# Manual Extension Tubes



## retry (Feb 20, 2009)

Nikon D40 + Manual Extension Tubes (9mm+16mm+30mm) + Nikkor AI-S 50mm F/1.8


----------



## dry3210 (Feb 20, 2009)

Liking the fly the best.  Mainly just cause I fee like he's actually look at me.


----------



## retry (Feb 21, 2009)

dry3210 said:


> Liking the fly the best.  Mainly just cause I fee like he's actually look at me.


Thanks.


----------



## Overread (Feb 21, 2009)

really liking this work! 
2 is very impressive with all that white in the shot!
you have a good eye!

out of interset what lighting setup were you using?


----------



## retry (Feb 22, 2009)

Overread said:


> really liking this work!
> 2 is very impressive with all that white in the shot!
> you have a good eye!
> 
> out of interset what lighting setup were you using?


Thanks.

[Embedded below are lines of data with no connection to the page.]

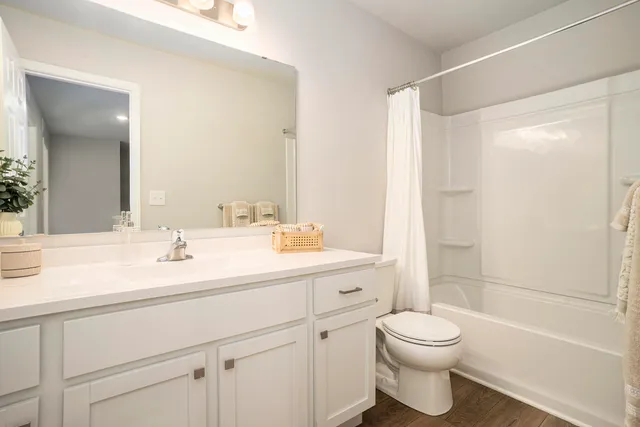 $344,900 | 1045 Foxglove Avenue, Vicksburg, MI 49097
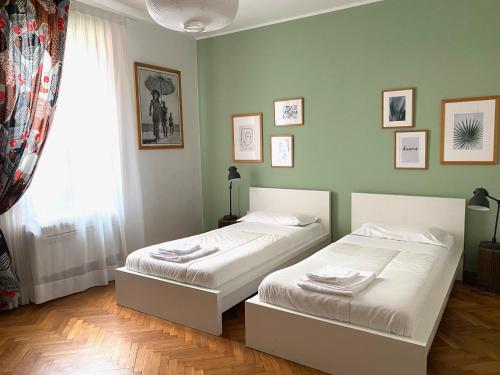Three-Bedroom Apartment image 9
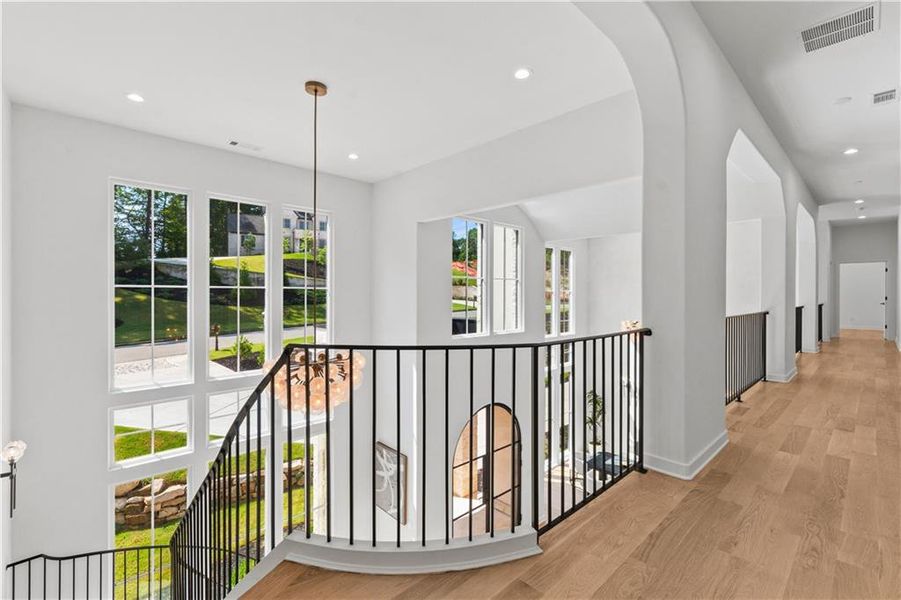 Spacious, unfurnished interior of a new home in , Alpharetta (Image 90).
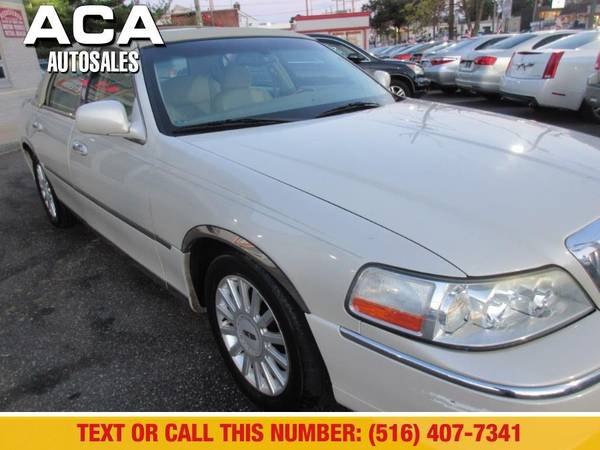 2005 Lincoln Town Car 4dr Sdn Signature Limited ***Guaranteed... for sale in Lynbrook, NY – photo 12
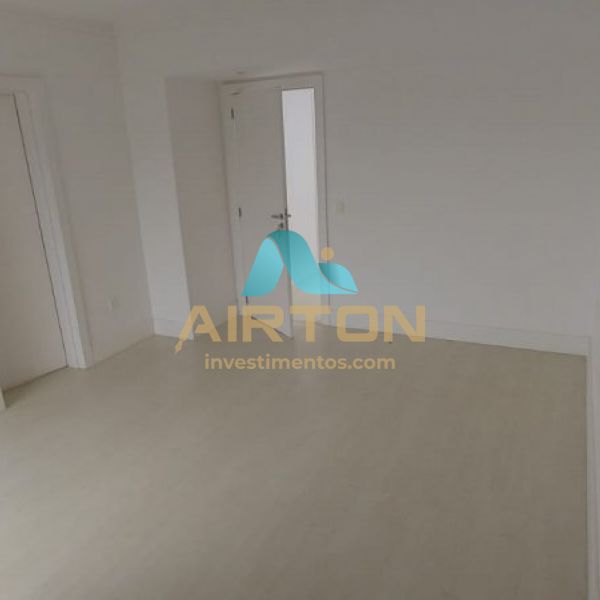 CASA SOBRADO PRAIA DOS AMORES 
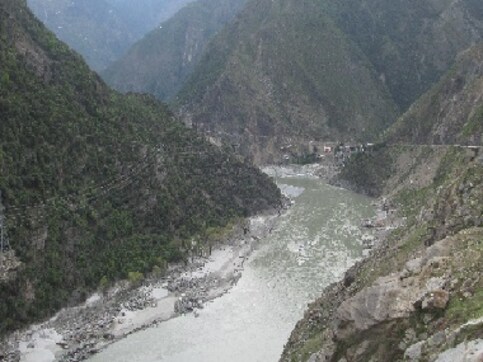 Four dead, 21 missing after boat capsizes in Indus river in northwest Pakistan; locals had to use water route in absence of paved roads Four dead, 21 missing after boat capsizes in Indus river in northwest Pakistan; locals had to use water route in absence of paved roads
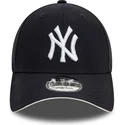 marinbla-bojd-justerbar-keps-9forty-microfibre-fran-new-york-yankees-mlb-av-new-era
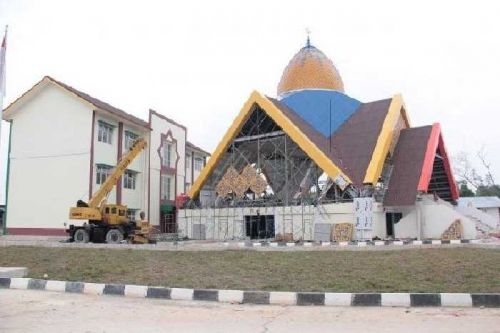 Belum Difungsikan, Gedung SMP Madani Pekanbaru Senilai Rp45 Miliar Sudah Bocor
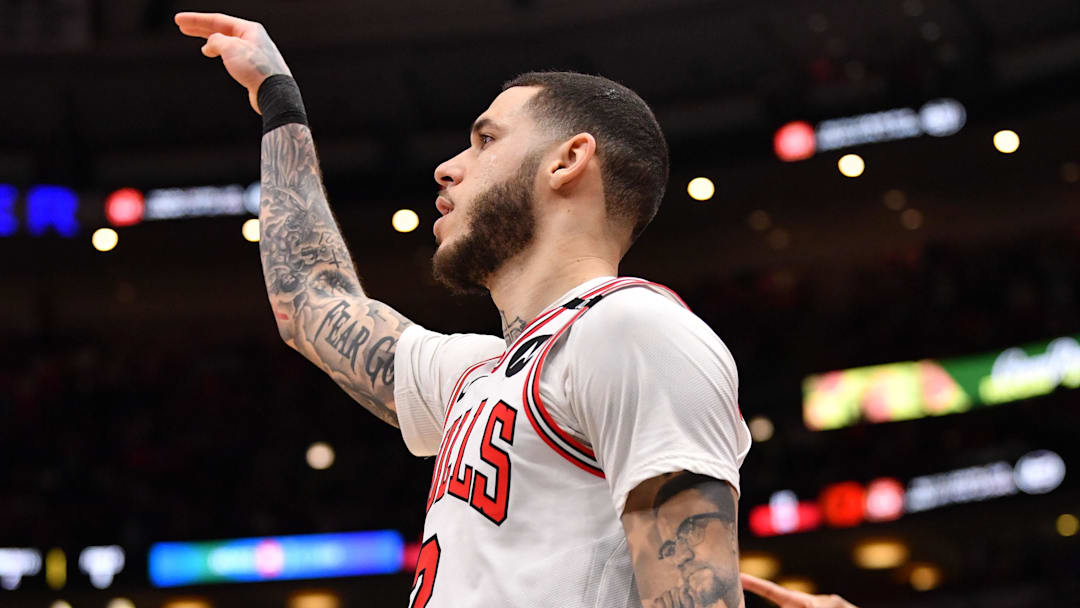 Feb 28, 2025; Chicago, Illinois, USA; Chicago Bulls guard Lonzo Ball (2) hits a three point shot during a game against the Toronto Raptors at the United Center. Mandatory Credit: Patrick Gorski-Imagn Images Feb 28, 2025; Chicago, Illinois, USA; Chicago Bulls guard Lonzo Ball (2) hits a three point shot during a game against the Toronto Raptors at the United Center. Mandatory Credit: Patrick Gorski-Imagn Images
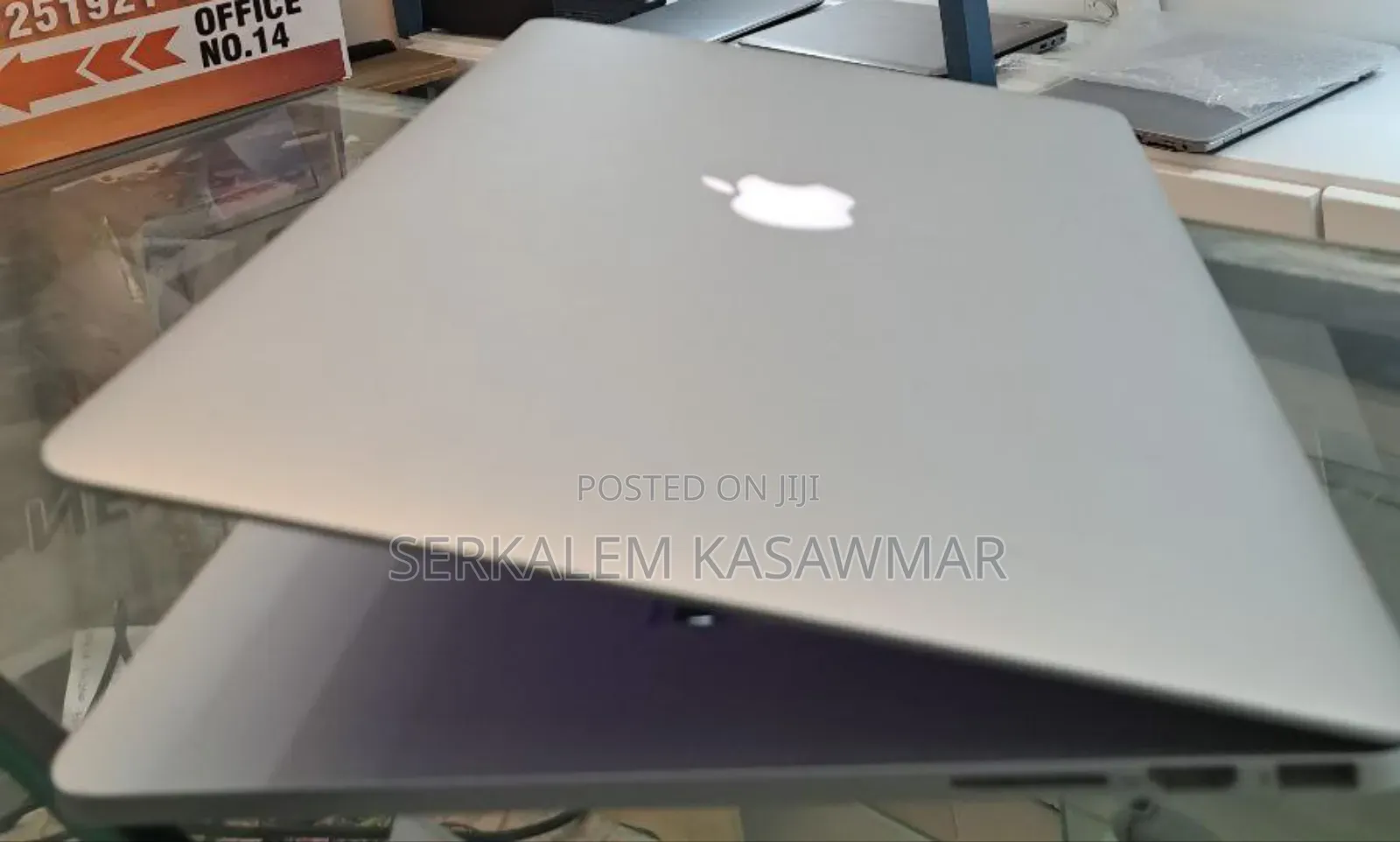 New Laptop Apple MacBook Pro 16GB Intel Core I7 SSD 256GB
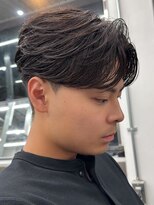 エルマーク 京都駅前(L-MARK)&nbsp;ニュアンスパーマ/センターパート/マッシュ/カルマパーマ/メンズ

I use a Manual Flash Suntax 9000T (it sucks ).


----------



## Al-Wazeer (Feb 22, 2009)

all gorgeous!
good job
what do you mean with " MANUAL " extension tubes?


----------



## Overread (Feb 22, 2009)

its means that the tubes have no electical contacts - so the camera has no idea what lens is attached to it. That means aperture has to be changed manually (not too tricky since many nikons still have a manual aperture ring - unlike a lot of recent canon lenses) and that one has to meter the camera manually as well (that means either knowing maths or lots of experimenting )


----------